» **REQUIRED WORK**
Which lines run from the one containing "Icône Caméra Dans" to the end of the material below? Copy them exactly, pictures excluded.

» **DATA EXCERPT**
▬▬▬▬▬▬▬▬▬▬

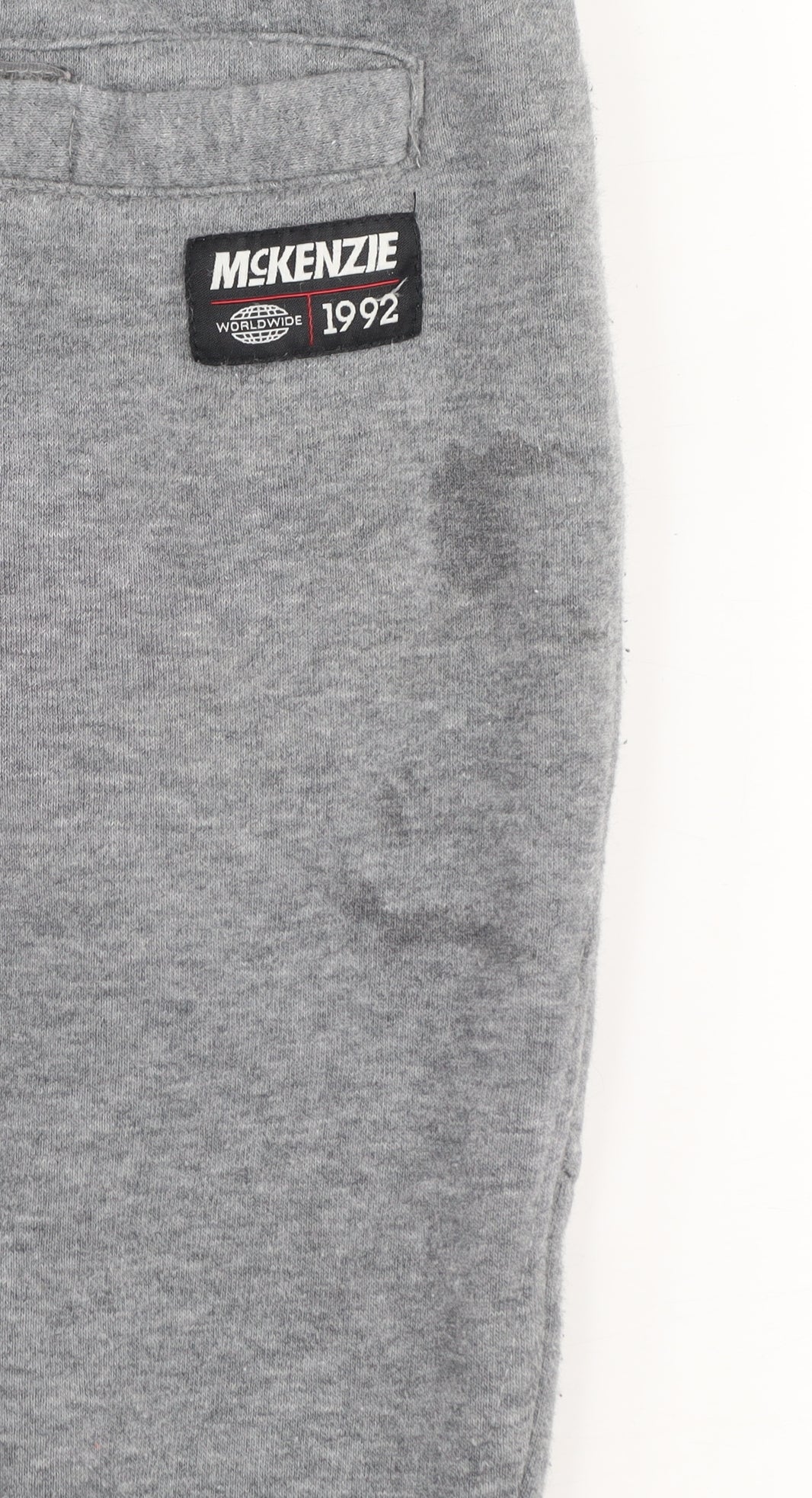 McKenzie Men’s Grey Jogger Sweatpants L Fleece Tapered Activewear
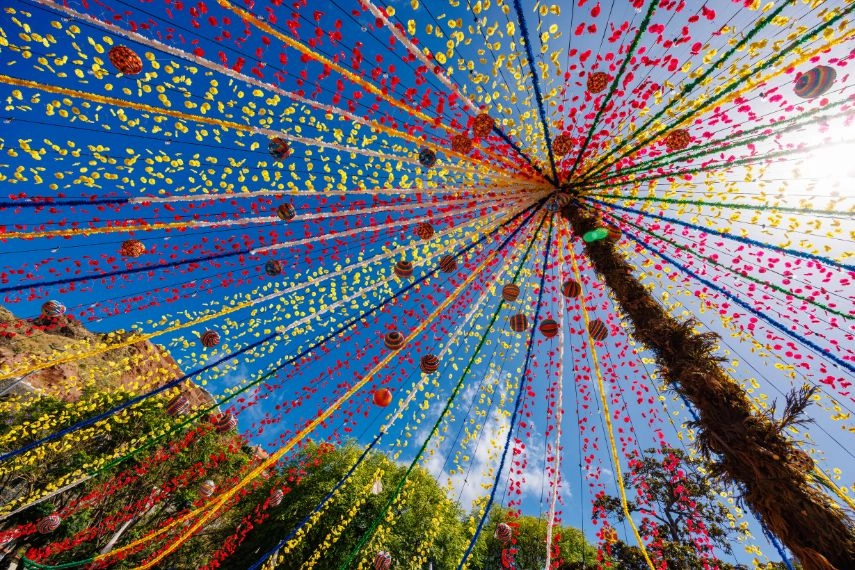 Garlands and street decorations in the towns of Madeira Island during the wine festival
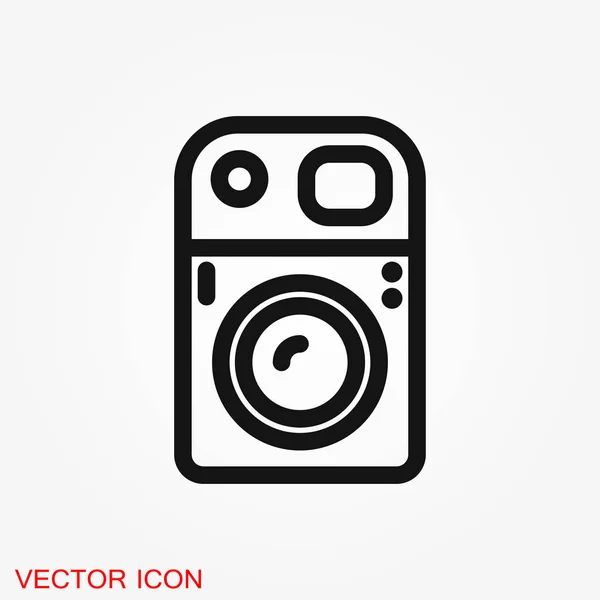 Icône Caméra Dans Style Plat Mode Isolé Sur Fond — Image vectorielle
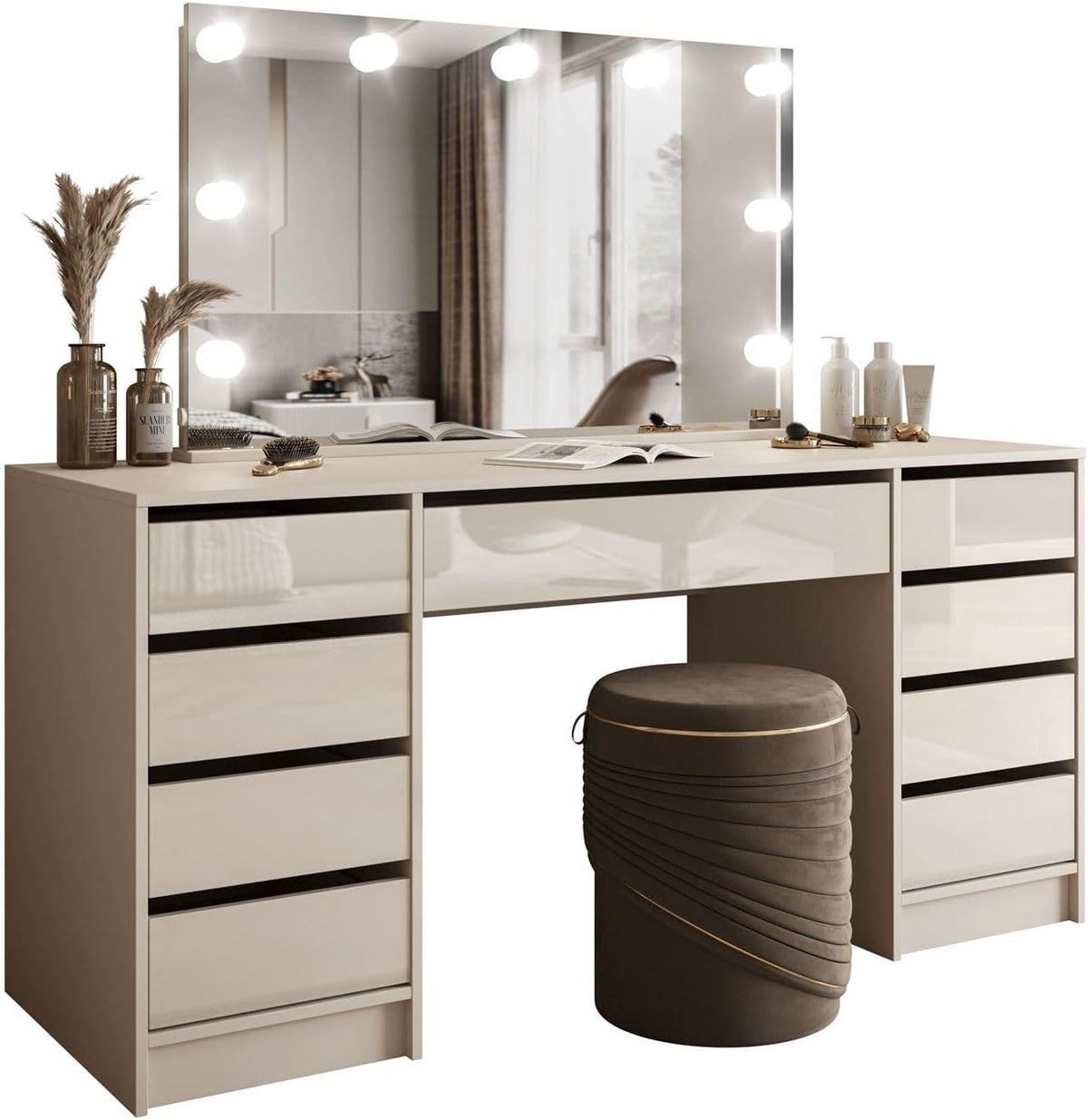Schminktisch Lookway, Kaschmir, MADA Elite II mit LED-Spiegel, Eleganter oder Weiß Hochglanz, Wandmontage, Geräumige Schubladen ( / Hochglanz)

▬▬▬▬▬▬▬▬▬▬

» **SOLUTION FOR THIS EXERCISE**
 Icône Caméra Dans Style Plat Mode Isolé Sur Fond — Image vectorielle
Schminktisch Lookway, Kaschmir, MADA Elite II mit LED-Spiegel, Eleganter oder Weiß Hochglanz, Wandmontage, Geräumige Schubladen ( / Hochglanz)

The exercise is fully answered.